“When a horse stops work and goes into the barn there is a life and a vitality left, there is a breathing and a warmth, and the feet shift on the straw, and the jaws champ on the hay, and the ears and the eyes are alive. There is a warmth of life in the barn, and the heat and smell of life. But when the motor of a tractor stops, it is as dead as the ore it came from. The heat goes out of it like the living heat that leaves a corpse. Then the corrugated iron doors are closed and the tractor man drives home to town, perhaps twenty miles away, and need not come back for weeks or months, for the tractor is dead. And this is easy and efficient. So easy that the wonder goes out of work, so efficient that the wonder goes out of land and the working of it, and with the wonder the deep understanding and the relations. And in the tractor man there grows the contempt that comes only to a stranger who has little understanding and no relation.” - John Steinbeck; The Grapes of Wrath
Many years back, the Green Gulch Zen Center had to decide whether to buy a horse or a tractor to help clear the land for the garden. They knew the tractor was easier and more efficient, but engaged in a practice of connection, of deep understanding and profound relationship and the restoration of wonder, they wisely chose the horse.

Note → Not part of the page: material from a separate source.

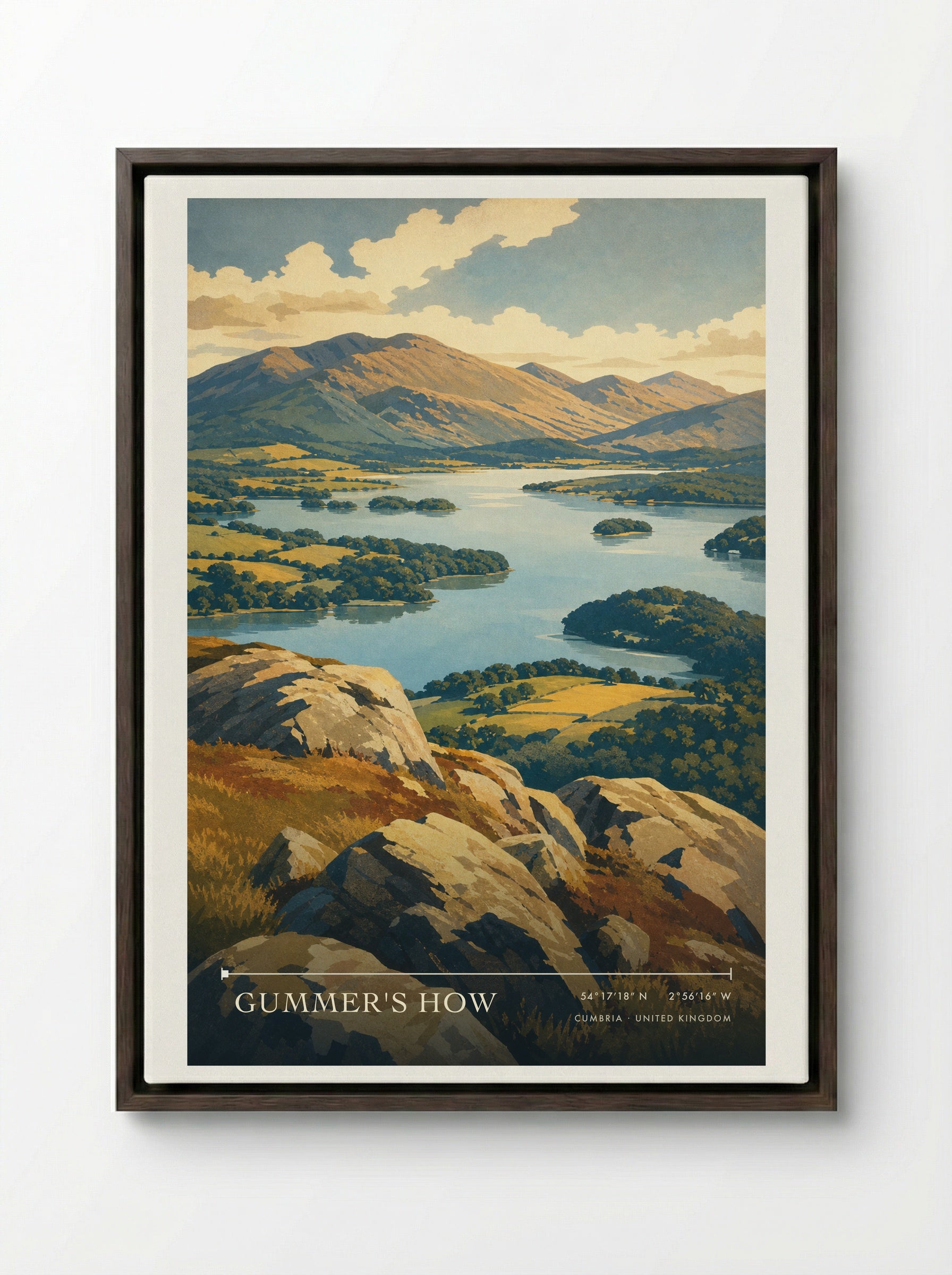 Gummer's How Cumbria United Kingdom Travel Poster - Framed Canvas Dark Wood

Needless to say, in the culture at large, the tractor has won hands down, the enormous monoculture farm has swallowed the small multi-faceted family farm (though now some renaissance at Farmer’s Markets) and the sense of intimacy and connection to the land and to the work has suffered. Ease and speed and size and efficiency is what drives our decision-making and the warmth and vitality of the living horse is given over to the cold metal of the dead machine. Steinbeck continues:
“Nitrates are not the land, nor phosphates and the length of fiber in the cotton is not the land. Carbon is not a man, nor salt nor water nor calcium. He is all these, but he is much more, much more; and the land is so much more than its analysis. That man who is more than his chemistry, walking on the earth, turning his plow point for a stone, dropping his handles to slide over an outcropping, kneeling in the earth to eat his lunch; that man who is more than his elements knows the land that is more than its analysis. But the machine man, driving a dead tractor on land he does not know and love, understands only chemistry; and he is contemptuous of the land and of himself. When the corrugated iron doors are shut, he goes home, and his home is not the land.”
These truths resonate in worlds beyond farms. Teaching, for example. The teacher gets to know the hills and valleys and subtle contours of the child’s landscape, walks that land feeling the dirt and the coolness of the streams and the birdsong from the trees. The horse that drives the teacher’s passion continues to chew on the hay and keep its eyes and ears alert when it goes to the barn at night. It is no engine that shuts off, but is perpetually breathing with warmth and vitality.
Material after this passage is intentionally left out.